Climbing Out of Academic Trouble
When Charlie Kelly, then 15, called a meeting at his high school, he figured maybe 20 people would show up to hear his idea for a new community outreach program designed to help underprivileged middle schoolers through rock climbing.
When Charlie Kelly, then 15, called a meeting at his high school, he figured maybe 20 people would show up to hear his idea for a new community outreach program designed to help underprivileged middle schoolers through rock climbing.
Nearly 300 students appeared, many clamoring to look good on paper for their college applications. Some came just to heckle, asking, as he tried to outline his plan, if he’d filed for 501(c)3 status. Would the program be tax exempt?
A month later Such Great Heights introduced its first eight middle schoolers, drawn from the area around New Haven, Connecticut, to rock climbing. Since then it has done the same for nearly 50 youth.
“They’re all struggling with the same things,” Kelly, now 17, said of the participants. “What we do is surround them with motivated, enthusiastic mentors who really do care about them. That lives with them for a long time.”
In the past Kelly competed on the youth circuit, placing 11th at Continentals, but one day he realized he didn’t like the competition scene. Kelly said Such Great Heights was a natural progression that brought together his passion for service and climbing.
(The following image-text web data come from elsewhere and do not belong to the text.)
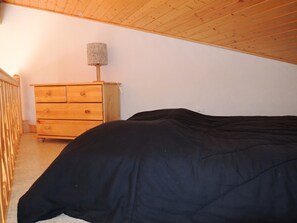 3 bedrooms, iron/ironing board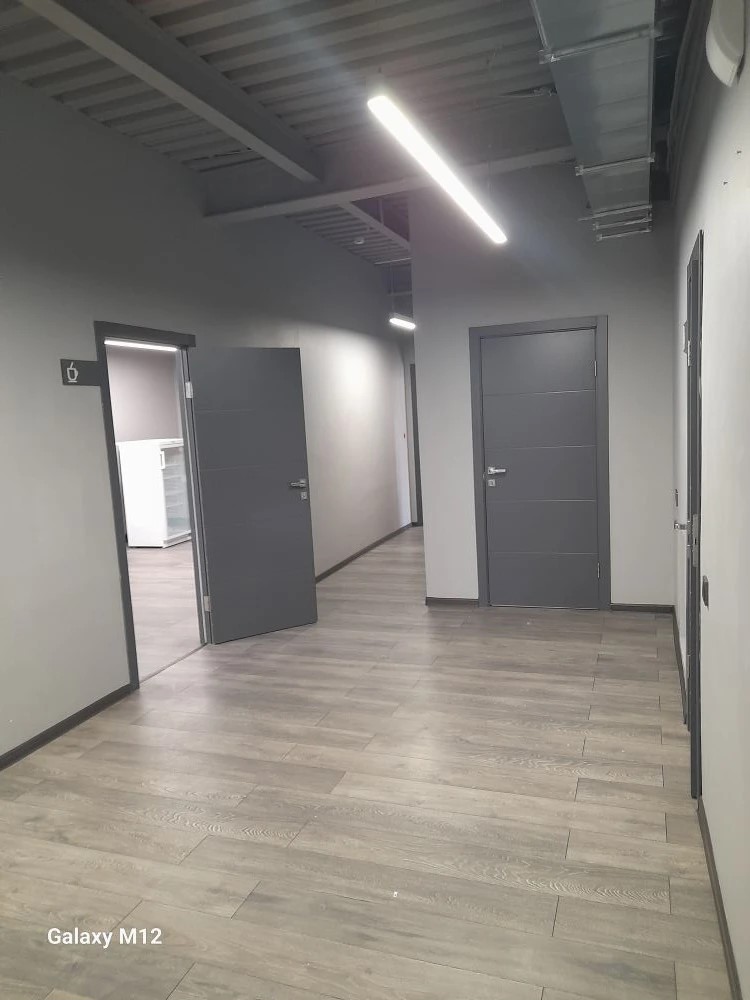 Сдам в аренду офис 1200 м.кв.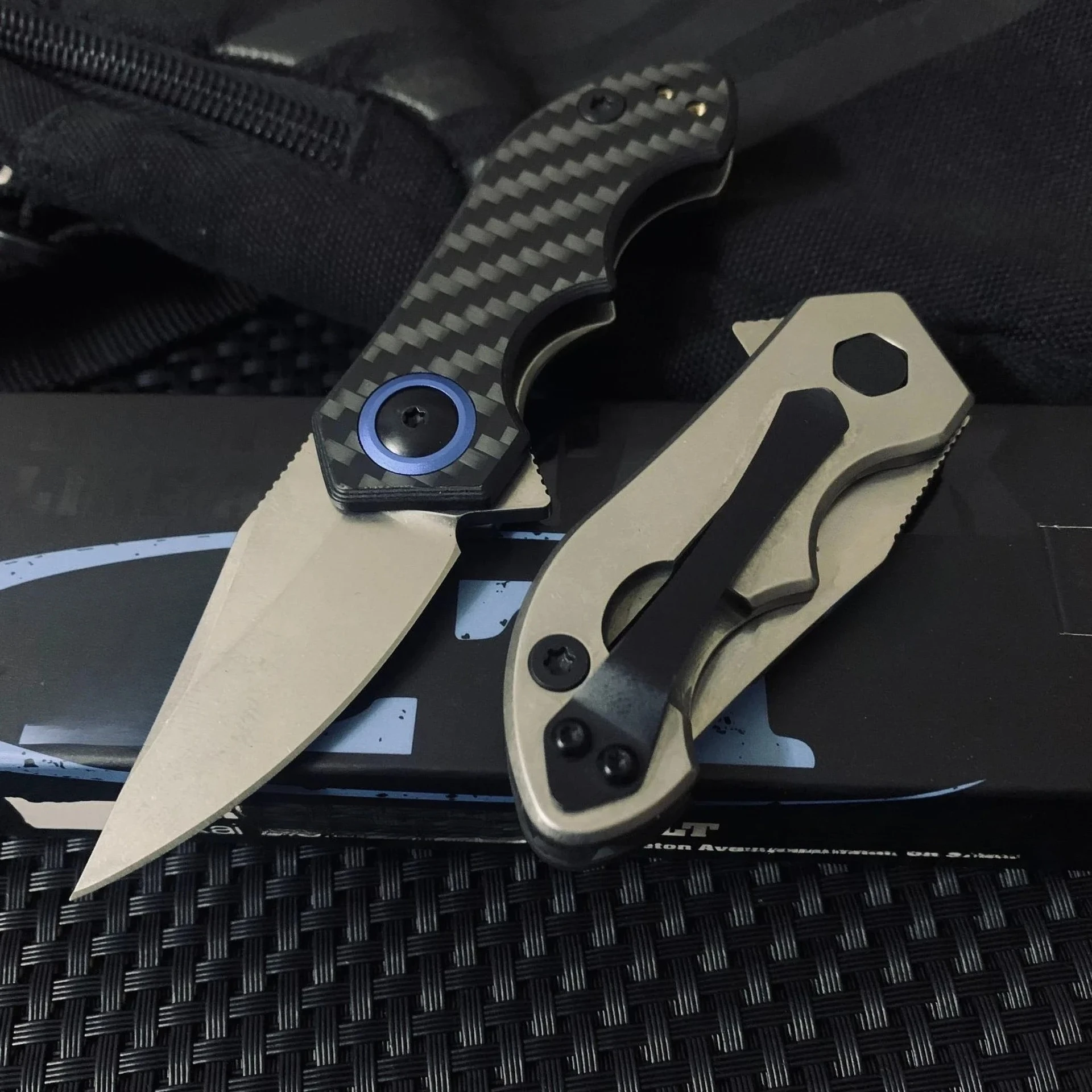 

Мини-складной нож Z 0022, лезвие CPM-20CV, ручка из углеродного волокна, ежедневный портативный и портативный аварийный инструмент, открытый нож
The program developed quickly. For an eight-week period at each middle school, a group of academically troubled kids gets together with graduate students to discuss their problems, in school or at home. The culminating experience for each group is a trip to the Connecticut Rock Gym.
For some, it is a watershed experience. A boy at an alternative school for poorly performing students wrote such a compelling essay about his climbing experience that he gained acceptance to a central magnet school.
This fall the program is to be used as a model and implemented at a few surrounding high schools. Kelly also plans to take it wherever he attends college a year from now.
Still, first things first. Deciding he had better answer the doubters at that first meeting, Kelly filled out the paperwork to designate Such Great Heights a tax exempt 501(c)3,and signed, sealed and delivered it.